Rússia e Ucrânia trocam ataques, e guerra entra em nova fase - Igor Gielow (FSP)

 Independentemente das idas e vindas das tropas no terreno, os massacres da Rússia contra a população civil continuam, até aqui impunemente.

Rússia e Ucrânia trocam ataques, e guerra entra em nova fase

Kiev ensaia contraofensiva no sul; Moscou pressiona a leste e intensifica bombardeios

FSP, 28.jul.2022 às 9h05
Igor Gielow

Após uma pausa tática relativa, a Guerra da Ucrânia entrou em sua terceira grande fase. Kiev ampliou os movimentos de sua primeira contraofensiva, enquanto Moscou retomou o avanço no leste e intensificou bastante seus ataques com mísseis nesta quinta (28), 155º dia da invasão russa do vizinho.

Não se via tanta dinâmica no campo de batalha desde que a Rússia encerrou a conquista de Lugansk, uma das duas províncias que compõem o Donbass, o leste russófono do país, há pouco mais de três semanas. De lá para cá, obviamente a guerra seguiu, mas com ações pontuais.

Agora, a Ucrânia trabalha para isolar as forças russas em Kherson, a primeira grande cidade conquistada por Moscou, logo no começo da guerra. Porto ao sul do país, ela é a capital da província homônima, cujo controle russo estabeleceu uma ponte entre o Donbass e a Crimeia, anexada por Vladimir Putin em 2014.

É uma corrida contra o tempo, segundo as Forças Armadas ucranianas, que registram reforços russos chegando à região. Nesta semana, Kiev intensificou as ações contra a principal ponte que liga a cidade ao resto da província, separada pelo rio Dnieper. Aqui entra ao mesmo tempo um dilema estratégico e uma limitação tática.

A ponte em questão, Antonivski, tem 1 km de extensão. Ela teve a pista danificada com o uso de artilharia de longo alcance ocidental doada aos ucranianos —pela precisão da ofensiva, provavelmente por munição com guiagem de GPS Excalibur, disparada por obuseiros, não os famosos mísseis do sistema Himars.

Os russos dizem ter estabelecido pontões e uma travessia com balsa como alternativa, mas estão vulneráveis em Kherson, sob risco de ficarem isolados. Perder a cidade seria uma derrota estratégica importante para a pretensão agora explícita de Moscou de conquistar o sul do vizinho.

Como de costume na guerra de narrativas, fontes ocidentais dão a situação russa como perdida. A pasta da Defesa britânica diz que Moscou perdeu o ímpeto no sul de forma definitiva, o que por ora é exagero.

Entra então o dilema para Kiev: se quiser retomar Kherson, terá de bombardeá-la de forma intensiva. Meramente isolar os russos não sugere que eles sairão de lá. Só que a cidade segue habitada por seus cidadãos: antes da guerra, eram 283 mil moradores por lá.

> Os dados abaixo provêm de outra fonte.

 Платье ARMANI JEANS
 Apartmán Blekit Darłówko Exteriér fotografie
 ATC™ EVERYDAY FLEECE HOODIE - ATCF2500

Essa é a limitação tática das armas ocidentais. Elas deram uma capacidade operacional nova para os ucranianos, atingindo depósitos de munição e posições russas a até 70 km de distância, mas são inúteis para ocupar uma cidade, exceto se usadas para destruí-la antes. Mesmo a recusa até aqui em explodir de vez a ponte Antonivski ou a outra que fica mais acima no mesmo rio passa por essa lógica.

Há dúvidas também sobre a força do Exército ucraniano para montar uma contraofensiva em solo, dado que recebeu poucos blindados e tanques em comparação com as perdas que teve até aqui. As próximas semanas dirão a real condição da contraofensiva.

Os russos, por sua vez, desde o fim de semana retomaram a pressão sobre a porção remanescente sob controle de Kiev no Donbass, na província de Donetsk. Desde 2014, quando a Crimeia foi anexada em retaliação pela derrubada do governo pró-russo da Ucrânia, a área entrou em guerra civil e estava dividida entre ucranianos e separatistas apoiados por Moscou.

Essas tropas pró-Rússia participam de um ataque contra Adviivka, a linha de frente congelada em Donetsk, junto à capital homônima da província. Segundo afirmou no Telegram Igor Girkin, ex-comandante militar da região e hoje crítico da condução da guerra, o assalto direto tem tudo para dar errado.

Avaliação semelhante faz o Instituto para Estudos da Guerra, de Washington. O centro diz acreditar que a Rússia só tem força para essa ação e outra, por ora bem-sucedida, que tomou a usina termelétrica de Vuhleriska, na fronteira entre Donetsk e Lugansk. Com efeito, ali foram empregadas pela primeira vez numa ação de relevo o grupo mercenário russo Wagner, não tropas regulares.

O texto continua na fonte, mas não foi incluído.